TASK TO COMPLETE.
Take nothing but the lines from the one with "Pour in two" through the one with "Test and measure" in the entries below, both ends kept, and return them exactly with pictures left out.

[Collected data]
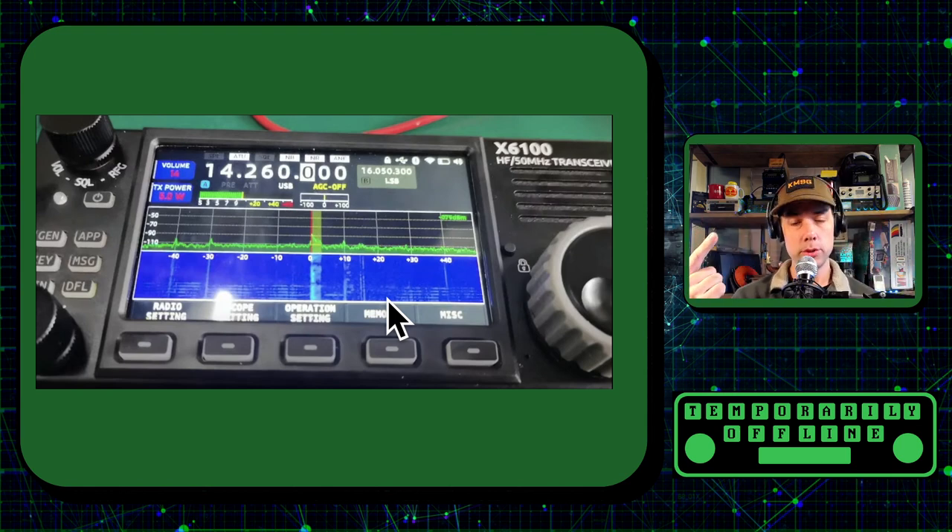So you've got a bigger display, built-in tuner, and as a result of that I'd also expect an SWR sweep, mouse control, keyboard control, and the portability, form factor, and power output levels of the X5105. And then I would also expect this to work with the XPA125 amplifier that I've been playing with. So I am really excited about this.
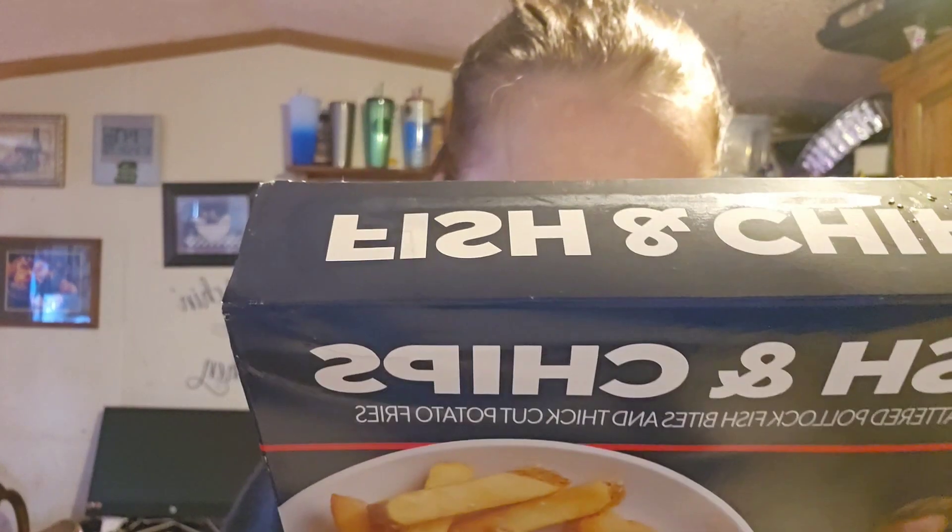The instructions — I thought it was for microwave, but I don't see microwave instructions here. It's probably really tiny somewhere, but it's for either air fryer or oven. I set my oven at 425 and they want you to put it in for 22 minutes.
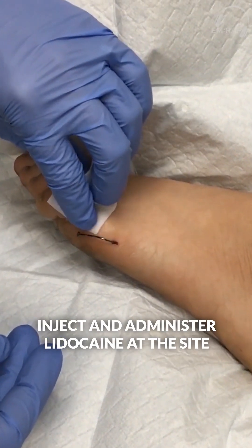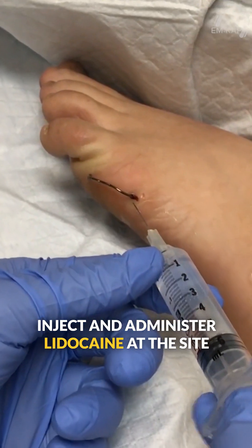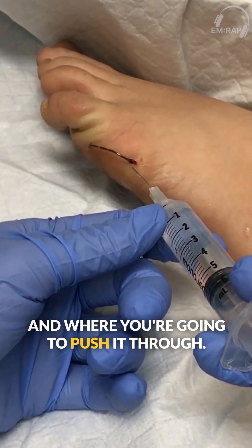Cleanse the skin where you're going to inject, and administer lidocaine at the site and where you're going to push it through.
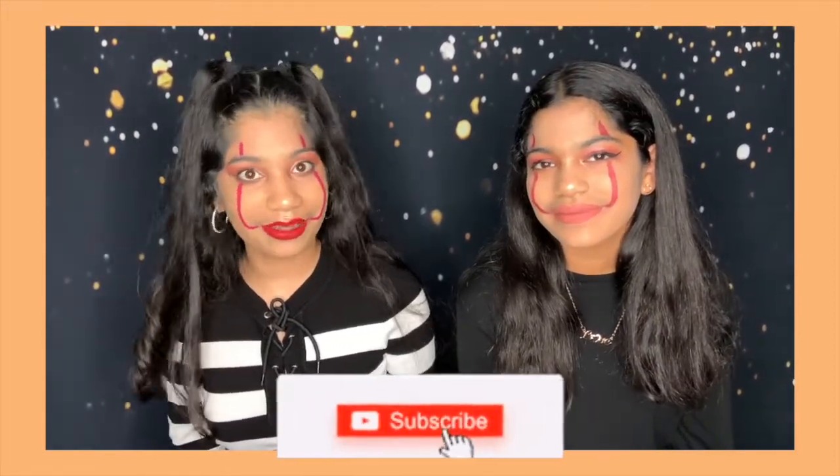Hey guys! Welcome or welcome back to your channel. If you're new here, I'm Sanch, and I'm Ash. And in today's video, it is Halloween! So happy Halloween, you guys! I hope you guys are having a lot of fun, even though it's like Corona and you can't go outside trick-or-treating. But to make it really fun, we decided to dress up and obviously eat candy because that's like the best part.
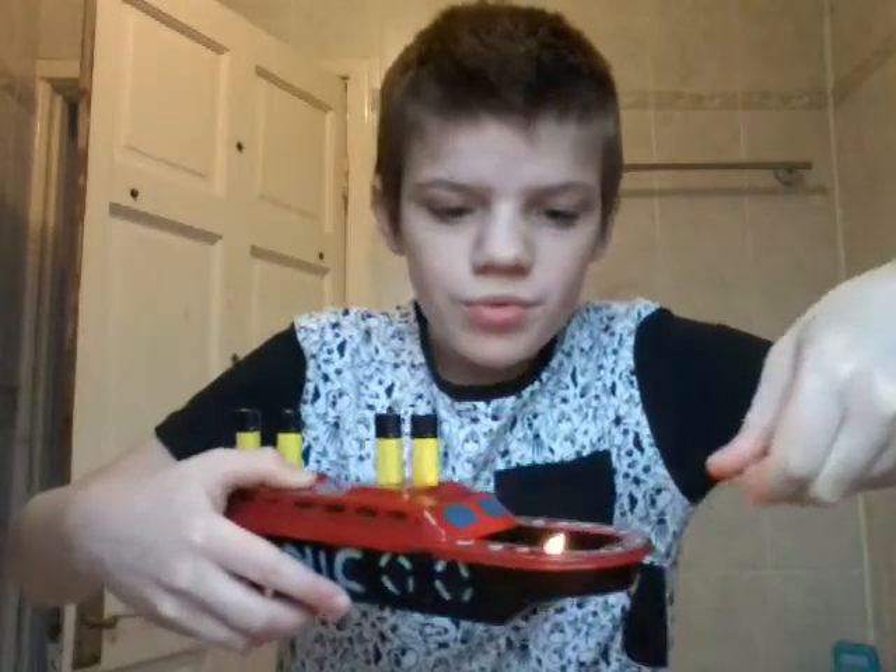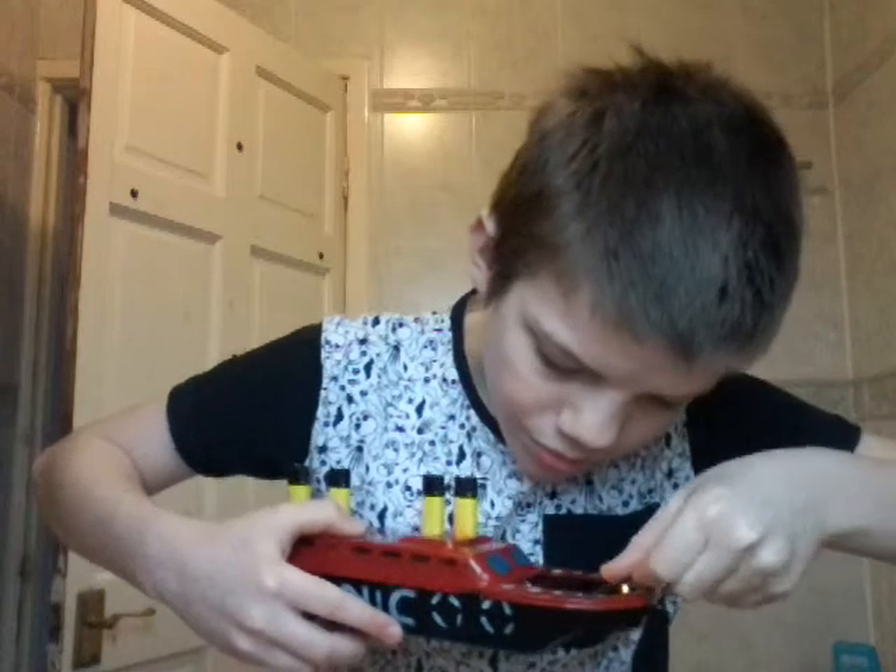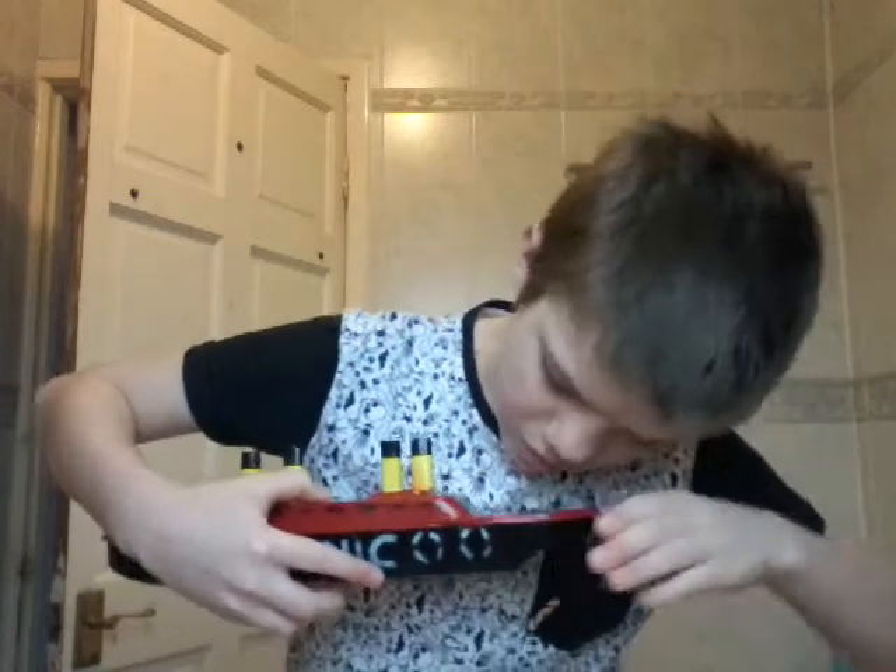Hold on a second, I am just going to do something. Now you light your candle and put the candle into the boat. Put it underneath the boiler.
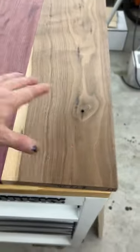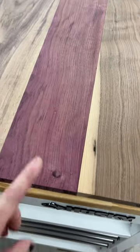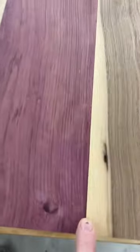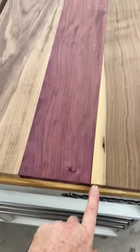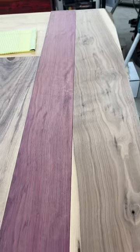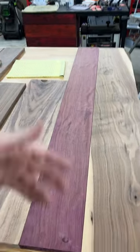I have a question for you woodworking folk out there. I'm going to glue this up in this order as a tabletop. Now, do I leave the sapwood in here on the walnut because it gives a little contrast? Or do I cut it up here and just go to brown town, baby? What do you think? Let me know in the comments.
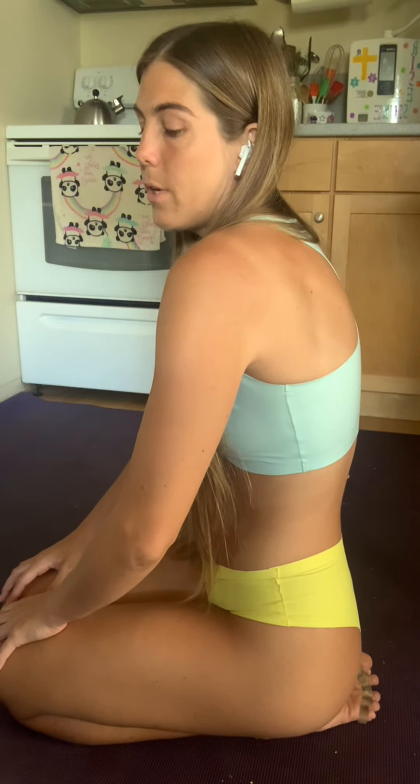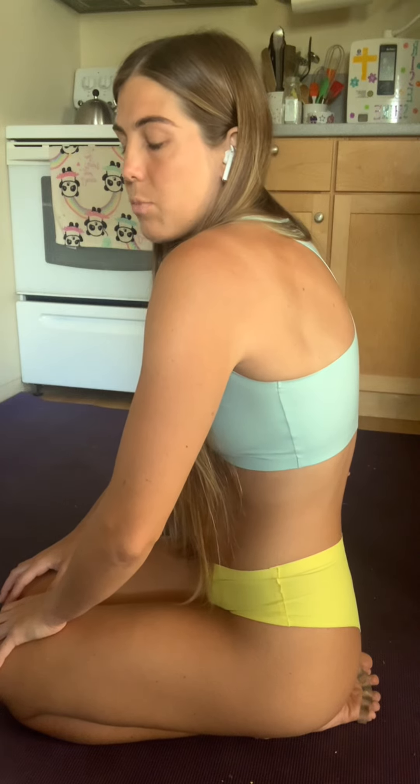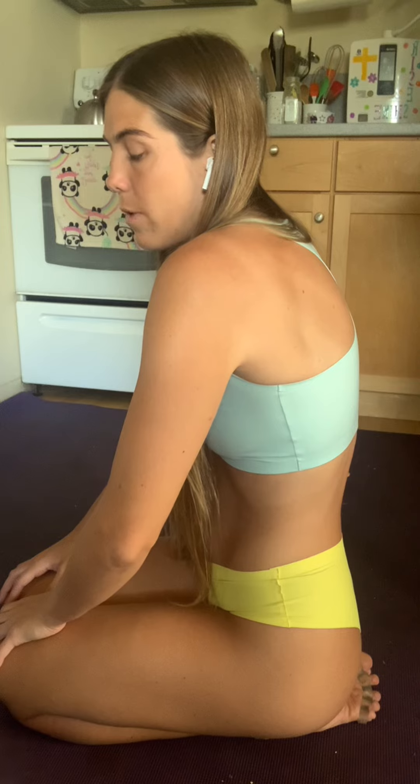Moving in the opposite direction, the shoulders are going to come forward into protraction — spreading across the back, shoulder blades moving away from the spine — and slowly release.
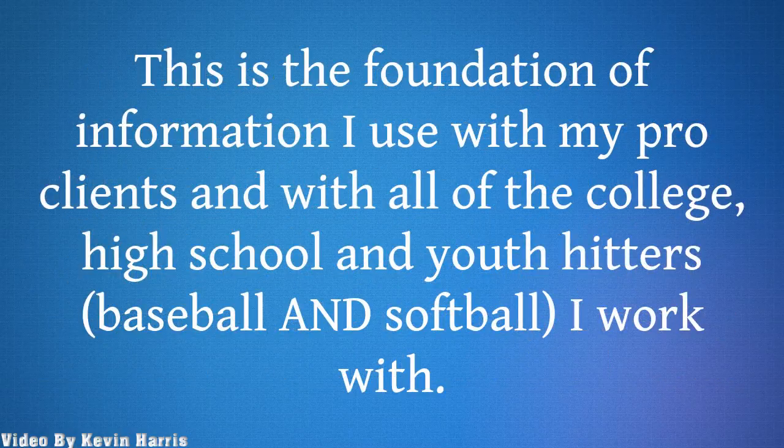This is the foundation of information I use with my pro clients and with all of the college, high school, and youth hitters — baseball and softball — I work with.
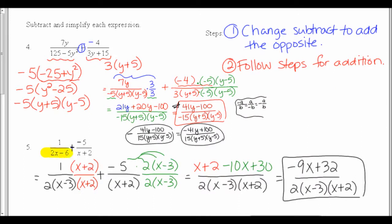In number 5, I started out and factored 2x minus 6: there was just a GCF of 2, so I took that out. My second fraction was already in factored form as x plus 2. My first fraction was missing x plus 2, so I put that on top and bottom. My second fraction was missing both the 2 and the x minus 3, so I put those on top and bottom. On the top of the first fraction I just had x plus 2 times 1; on the second I had to distribute: negative 5 times 2 is negative 10, and distributing gives negative 10x plus 30. Combining like terms gives a final answer of negative 9x plus 32 over 2 times x minus 3 times x plus 2.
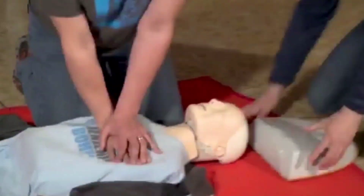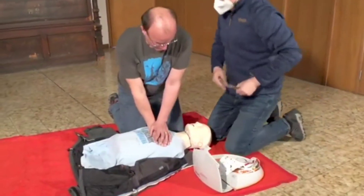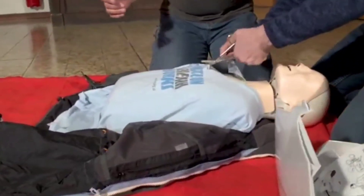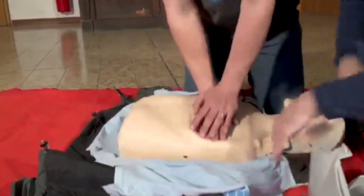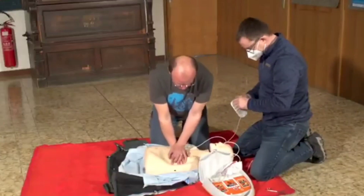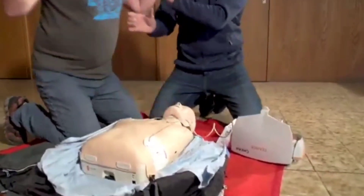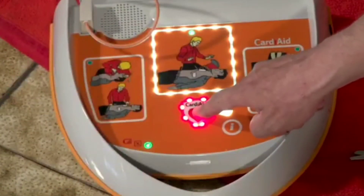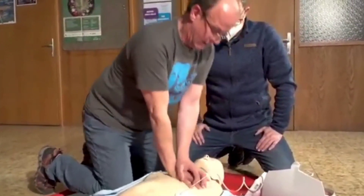The defibrillator is here. Allow him to fix the defibrillator pads while you continue CPR. Hands off — to allow the defibrillator to analyze Mr. Muhammad's heart rhythm. If you want to know how to defibrillate, watch the video up here after watching this one.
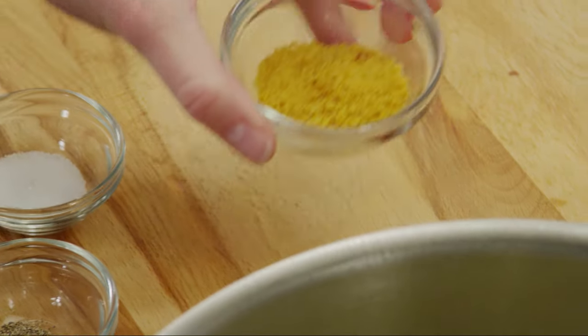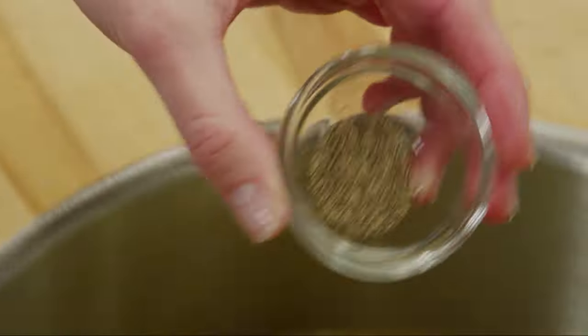Pour in two quarts of water and add four teaspoons of chicken bouillon granules. You could use two quarts of chicken stock instead of water and chicken bouillon granules if you wish. Season with one teaspoon of salt and half a teaspoon of ground black pepper, or to taste.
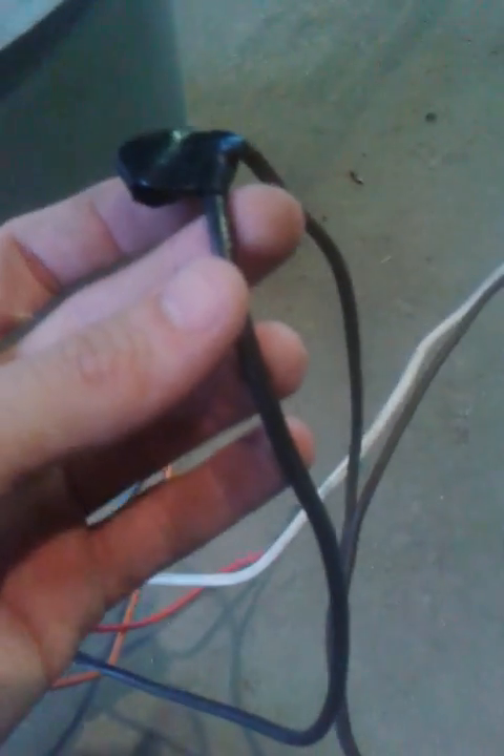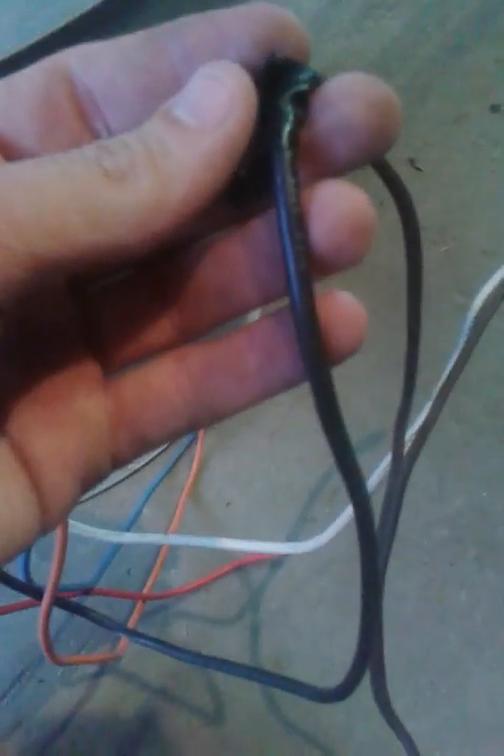Your white wire is always going to be your common wire — you will always have this and it will generally always hook into your plug. For this application I'm going to use the high speed because it's really fast, and I've got mine wired into the black.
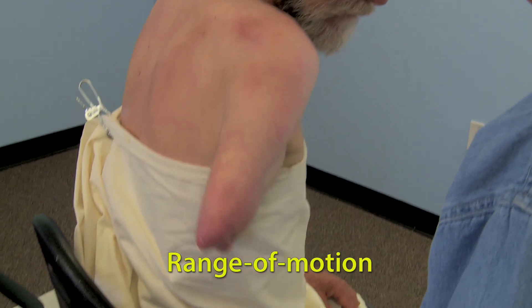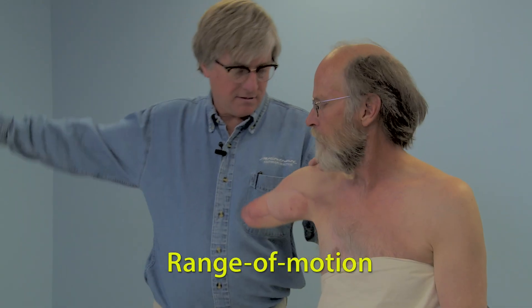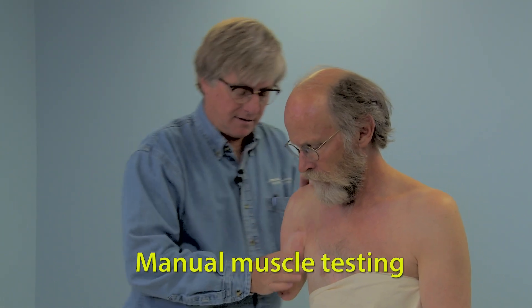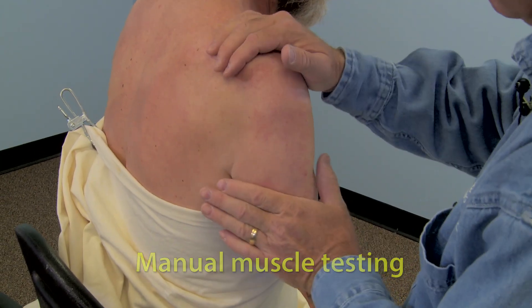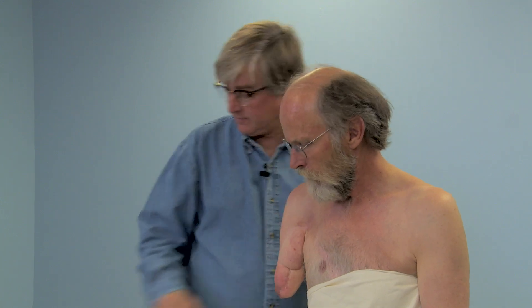Test and measure the patient's range of motion, and perform manual muscle testing to determine the strength of the patient's glenohumeral joint. Note these findings.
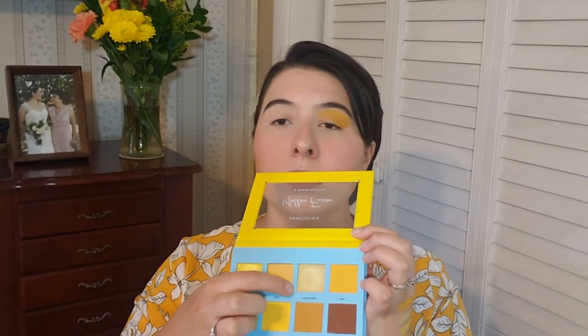Let's put it on my apple now. Now I'm going to put the shade Headliner — one of the shimmers in the palette — on the inner portion of my lid.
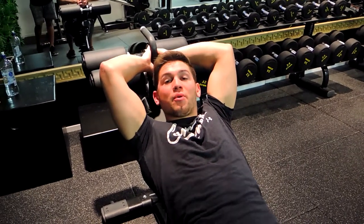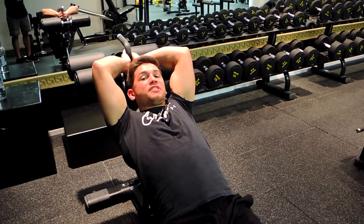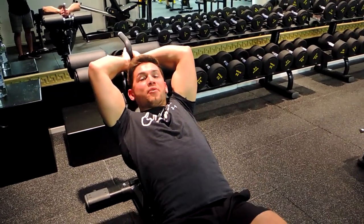This is a decline bench reverse crunch. So what I want you to do, legs come out, don't go all the way down, so your feet never touch. Only come to about a 60 degree angle.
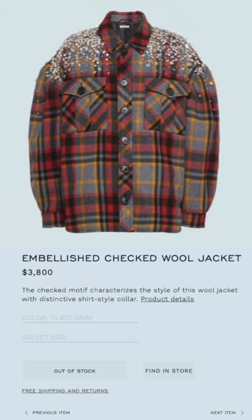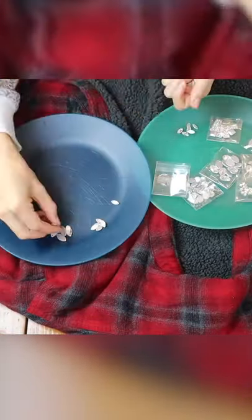It is time to hack this $4,000 crystal studded Miu Miu jacket. All you need is an old flannel jacket. You're going to get access to the shoulder and buy a ton of crystals.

TASK SOLUTION.
Pour in two quarts of water and add four teaspoons of chicken bouillon granules. You could use two quarts of chicken stock instead of water and chicken bouillon granules if you wish. Season with one teaspoon of salt and half a teaspoon of ground black pepper, or to taste.
Your white wire is always going to be your common wire — you will always have this and it will generally always hook into your plug. For this application I'm going to use the high speed because it's really fast, and I've got mine wired into the black.
Test and measure the patient's range of motion, and perform manual muscle testing to determine the strength of the patient's glenohumeral joint. Note these findings.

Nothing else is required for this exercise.